2010-07-14 Thread Andrew Miles
I figured this one out.  I'm sending the solution back to the help  
list so that there is a record of how to deal with this problem, since  
it does not seem to be documented elsewhere.


The mi.info object that you pass to the the mi() function contains a  
value called params which allows you to set the parameters used in  
each imputation model.  If you access it like so


info=mi.info(impute.data)
info[[min.func]]$params

you are presented with a matrix showing a value for only two  
parameters that are passed to every model, n.iter and draw.from.beta.


You can add any other parameters that you want like so:

info[[min.func]]$params$MaxNWts=3000

This will add the parameter MaxNWts to the min.func model.  This seems  
to have solved the problem I outlined below.


Andrew Miles


On Jul 14, 2010, at 10:33 AM, Andrew Miles wrote:

I am trying to use the mi package to impute data, but am running  
into problems with the functions it calls.

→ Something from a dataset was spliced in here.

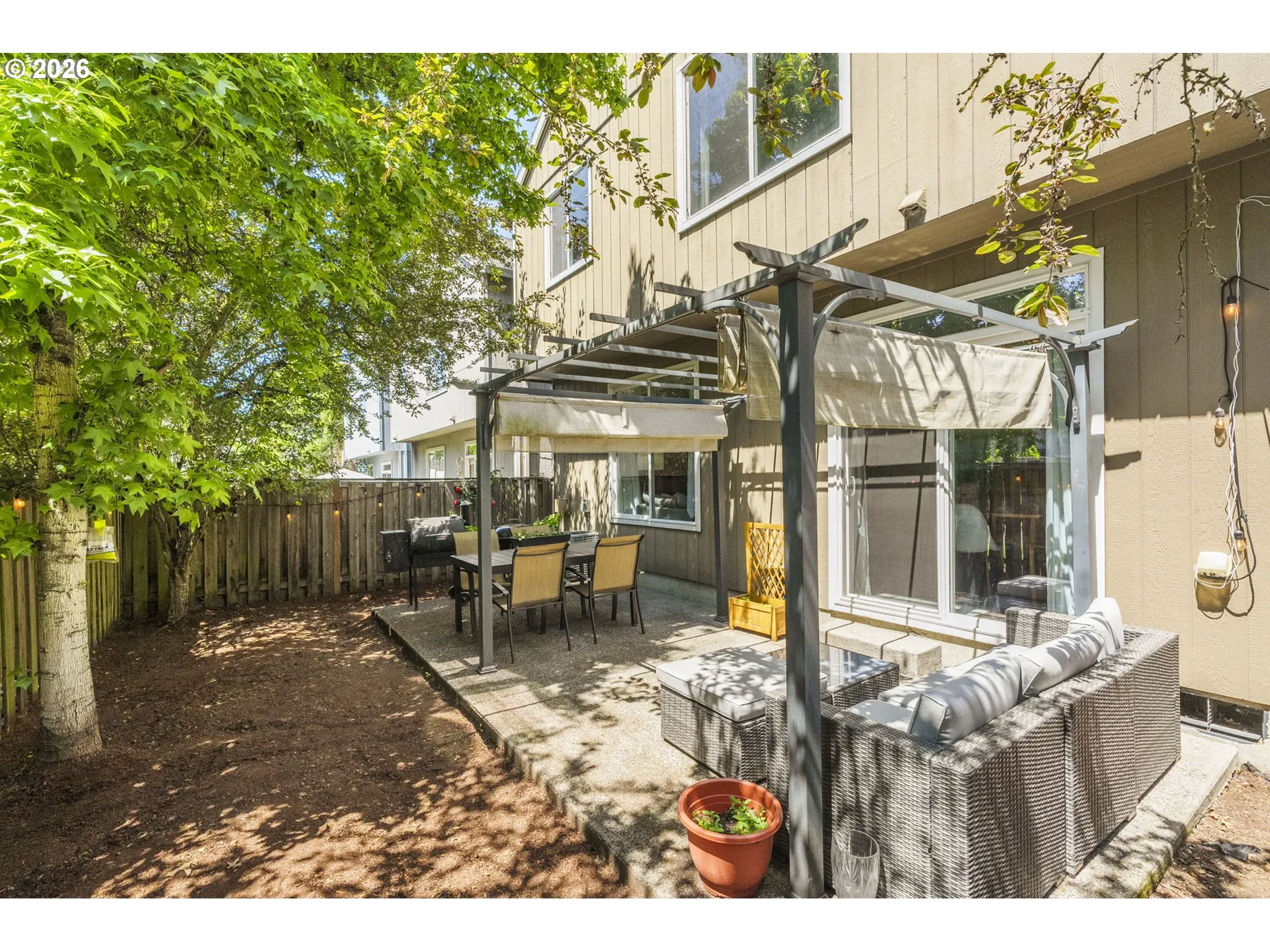 Backyard-Fenced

For instance, I am trying to impute a categorical variable called  
min.func.  The mi() function calls the mi.categorical() function  
to deal with this variable, which in turn calls the nnet.default()  
function, and passes it a fixed parameter MaxNWts=1500.  However, as  
you can see below, the min.func variable needs a higher threshold  
than 1500.  Is there a way that I can change the MaxNWts parameter  
that is being sent to nnet.default()?  I've investigated the mi()  
and mi.info() functions and cannot see a way.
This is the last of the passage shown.